Kann mir jemand von euch erklären wie ich im JBuilder ein JAR-FILE machen kann? Checkt der auch wenn ich externe Jar's verwendet hab? Die sollte er mit ins Package nehmen.

Danke für eure Hilfe!


----------



## DP (12. Mai 2005)

welche jbuilder-version?!


----------



## Guest (12. Mai 2005)

2005


----------



## Guest (13. Mai 2005)

habs jetzt geschafft mit dem jbuilder ein native executable zu erzeugen. damit kann ich dann ein jar erzeugen. haut einwandfrei hin. das einzige problem das ich hab: wie kann ich jar files die ich für bein programm benötige in dieses executeable jar einbinden? ich brauch 3 .jar files für die verbindung zur ms swl server db und eines fürs drucken(printframework).

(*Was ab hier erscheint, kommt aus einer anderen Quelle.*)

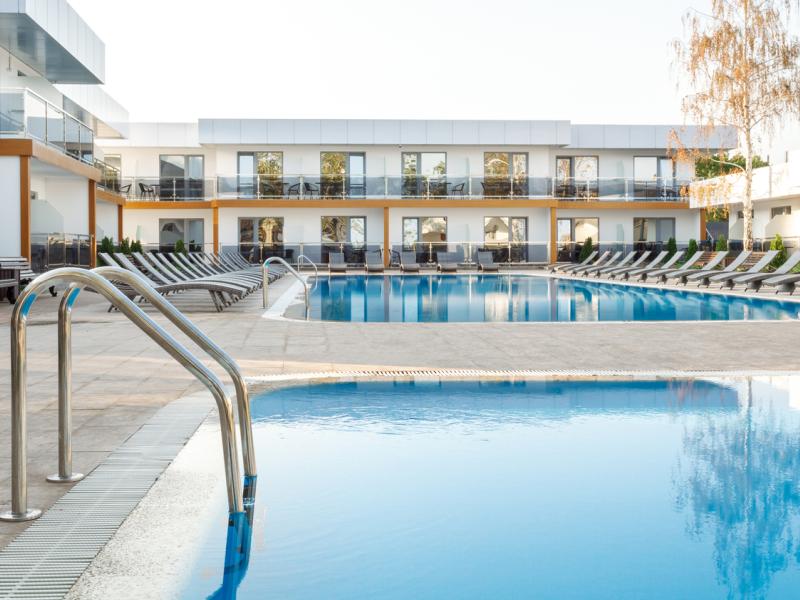 Marsealan Resort Hotel All inclusive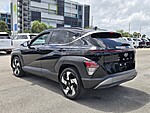 Used 2024 HYUNDAI KONA LIMITED FWD in FT. LAUDERDALE, FLORIDA (Photo 7)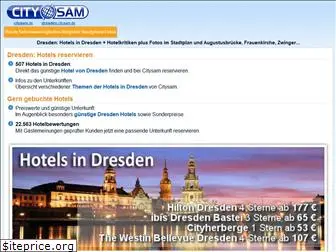 dresden.citysam.de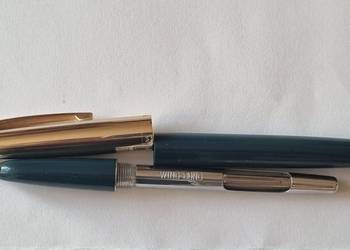 Chińskie Pióro Wieczne Wing Sung 612 nieużywane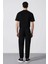 Regular Gabardin Jogger Pantolon Kargo Cepli Beli Paçası Lastikli C9163AX25SP 7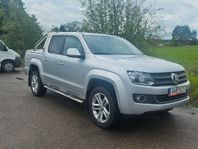 Volkswagen Amarok DoubleCab 2.8t 2.0 BiTDI 4Motion Highline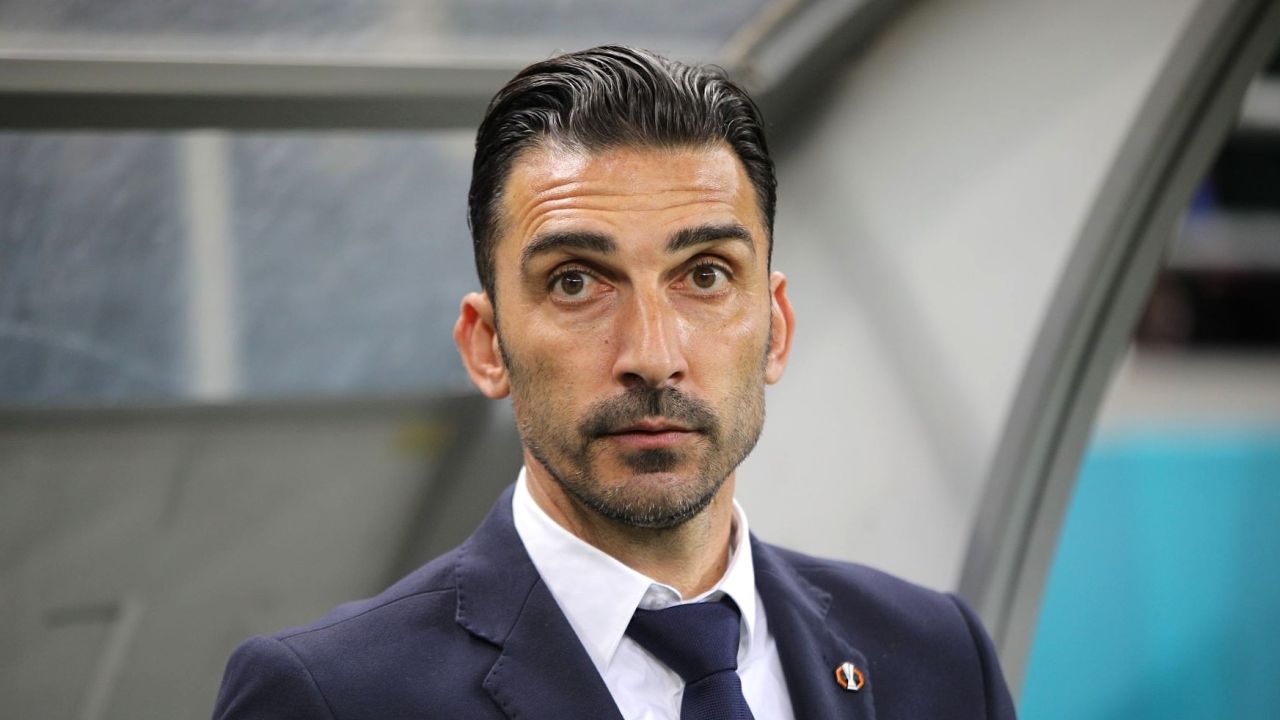 Charalambous a găsit soluția în apărare!? Puștiul din defensivă i-a luat ochii după 2-0 la Cluj: „Avem probleme acolo!”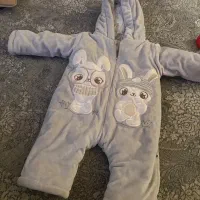 لباس زمستونه بچه مناسب از بدو تولد|کفش و لباس بچه|اهواز, زیتون کارمندی|دیوار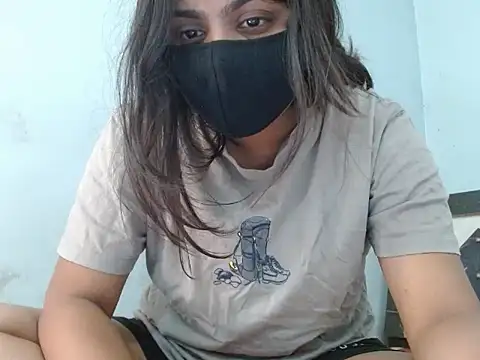 Snapshot of Vaani_Singha chatting on October 2025 08:42:01 AM Vaani Singha online show from October 2025 08:42:01 AM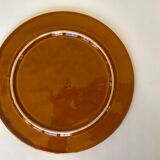 Gien FG Val d'Or cheese platter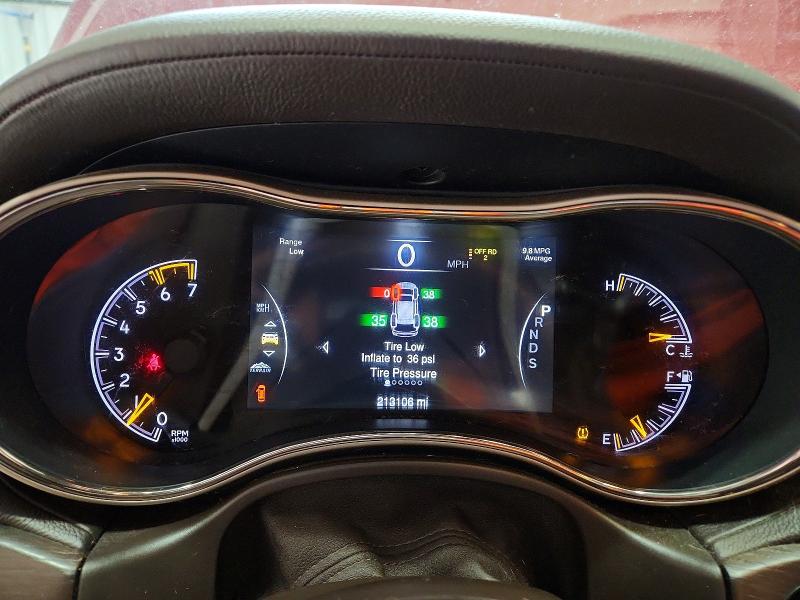 62453956 :رقم المزاد ، 1C4RJFJT4EC407938 vin ، 2014 Jeep Grand Cherokee مزاد بيع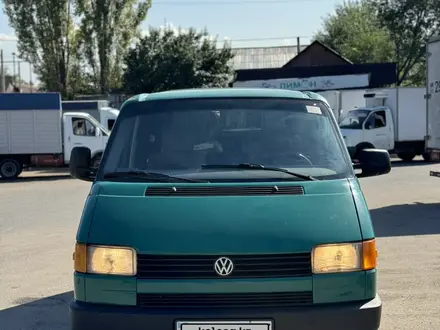 Volkswagen Transporter 1994 года за 3 000 000 тг. в Алматы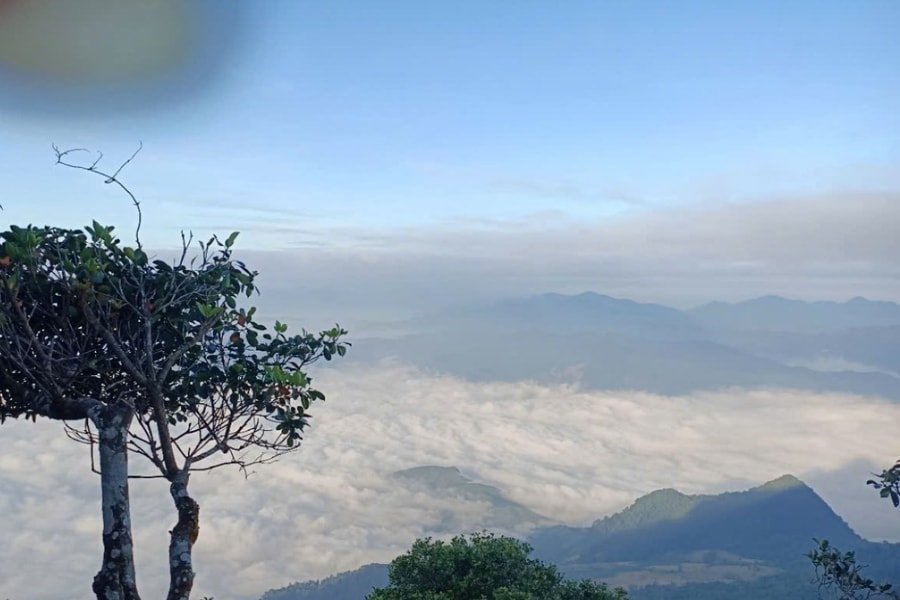 Đánh thức tiềm năng du lịch sinh thái rừng đặc dụng Pù Luông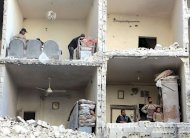  مؤتمر الرياض يسعى لتوحيد موقف المعارضة السورية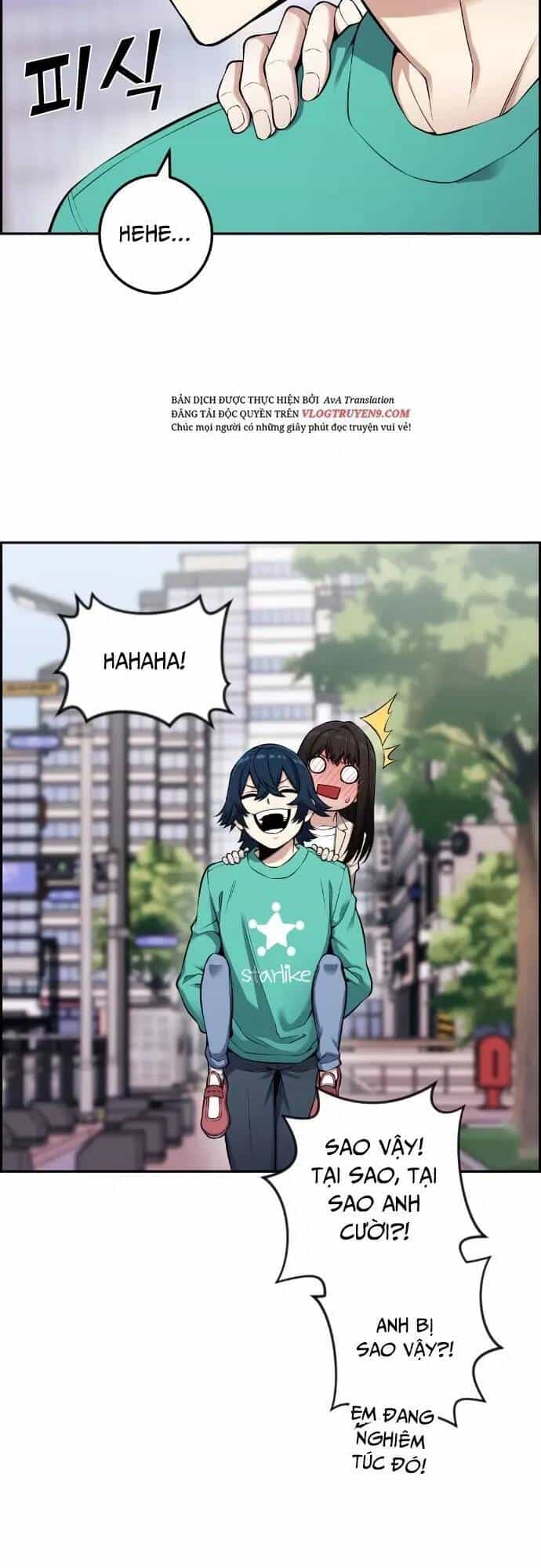 Nhân Vật Webtoon Na Kang Lim - Chương 44 - ảnh 59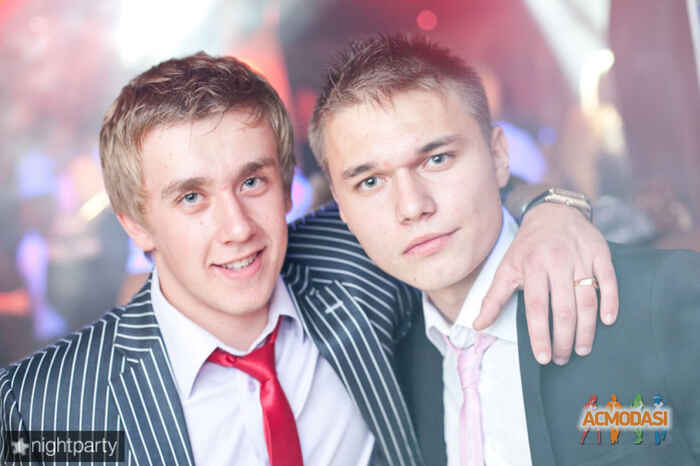 Павел Валерьевич Коровин фото №156453. Загружено 27 Февраля 2012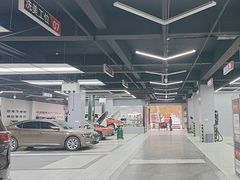 -天猫养车(哈贝卡硕士路店)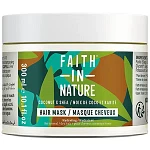 Hair Mask Coconut & Shea Faith in Nature 300 ml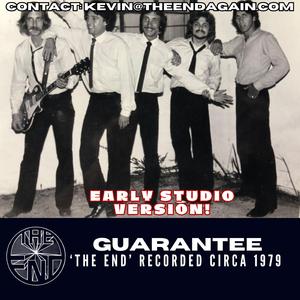 Guarantee (Early Version)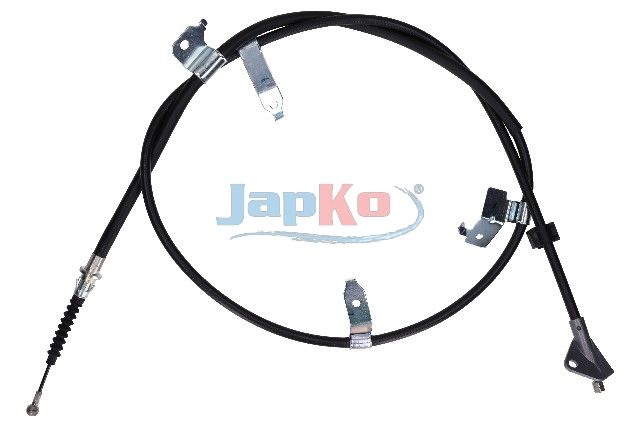 Cablu, frana de parcare JAPKO 131234R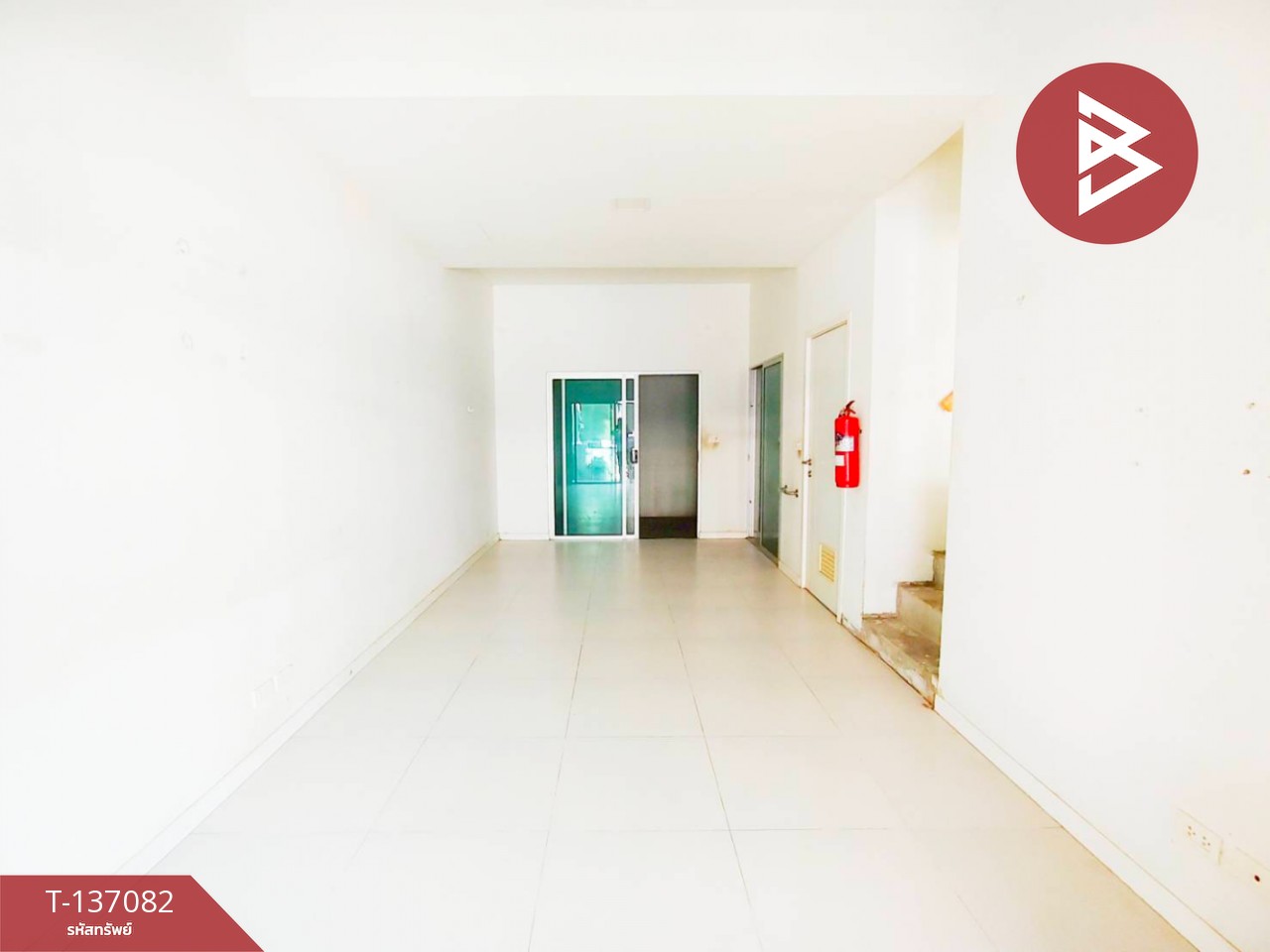 ขายทาวน์เฮ้าส์ หมู่บ้านพฤกษา พระราม2-เอกชัย (Pruksa Rama2-Ekkachai) สมุทรสาคร 3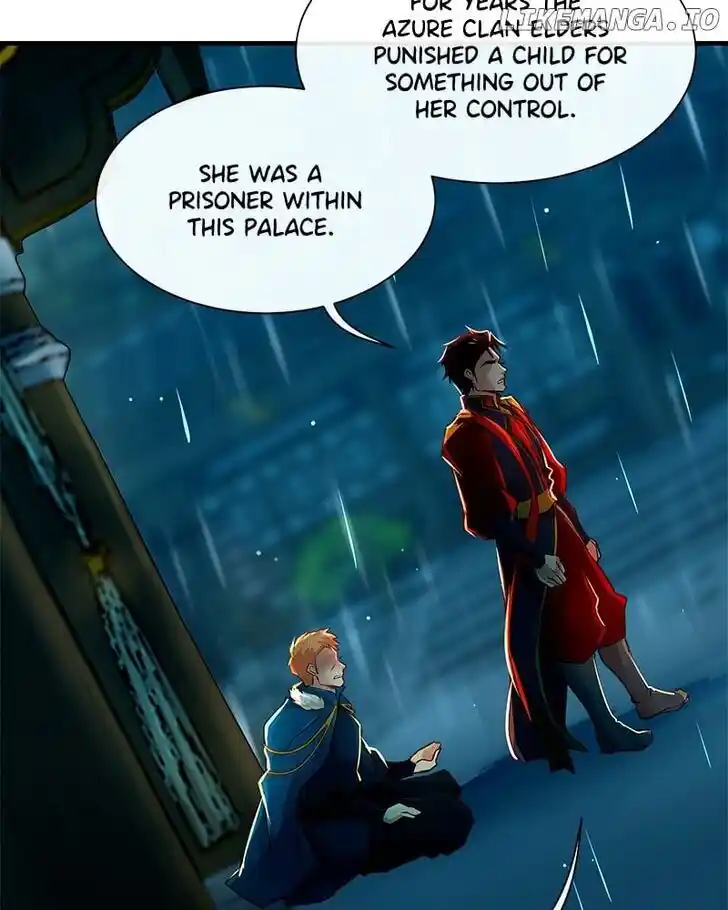 SubZero (Junepurrr) Ch.190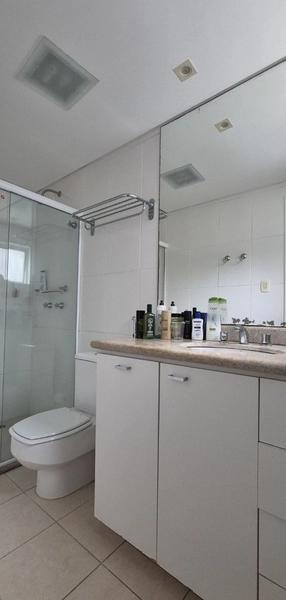 Apartamento com 3 dormitórios localizado na Beira Mar Norte: 19ª foto da galeria de imagens do imóvel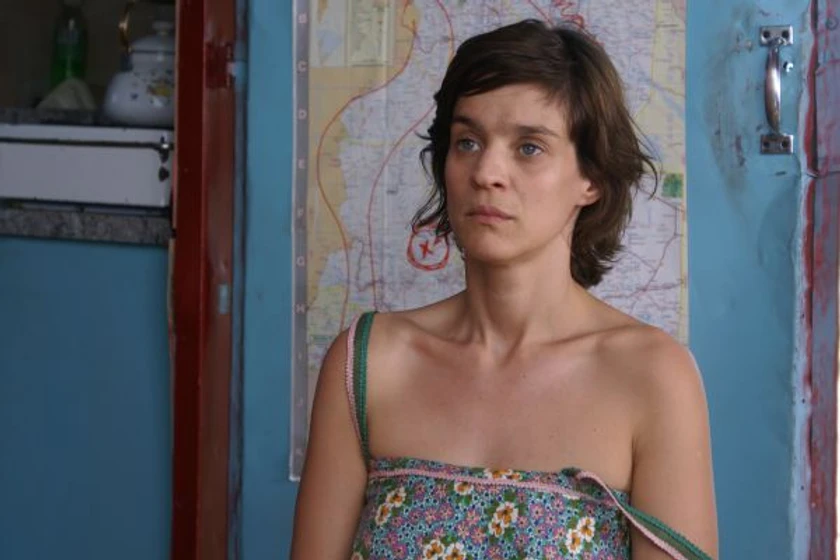 Leticia Brédice en el-frasco
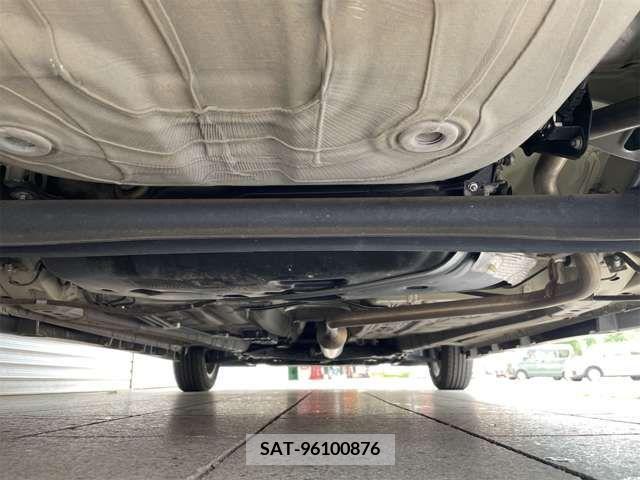 Suzuki SOLIO BANDIT 2016-02 394143-12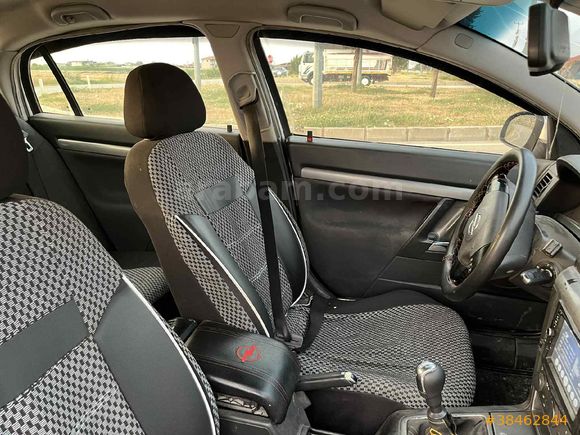 Sahibinden Opel Astra 1.6 Comfort 2003 Model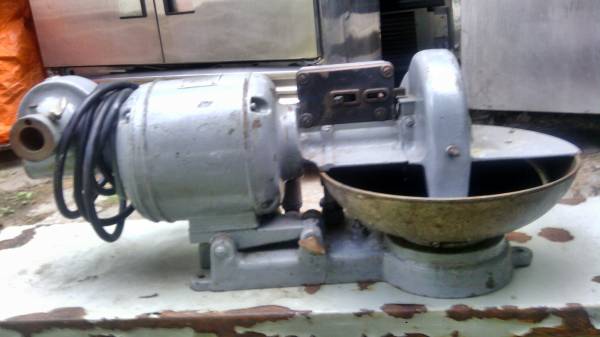 used commercial meat grinders craigslist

hat hier jemand ideen bzw. kann mir weiterhelfen?


----------



## Guest (13. Mai 2005)

hab jetzt gefunden wie man diese jars einbindet. under dependencies muss man gehen auf include all, da ist alles auf exclude all gestellt. beim .jar fürs printframework funktionierts, jedoch wenn ich include all bei den .jar's für die datenbank (ms-sql server) stelle, dann bekomm ich immer die meldung dass die main classe nicht gefunden werden kann und das programm kann nichtmal mehr gestartet werden. hat jemand ne idee was das problem ist?


----------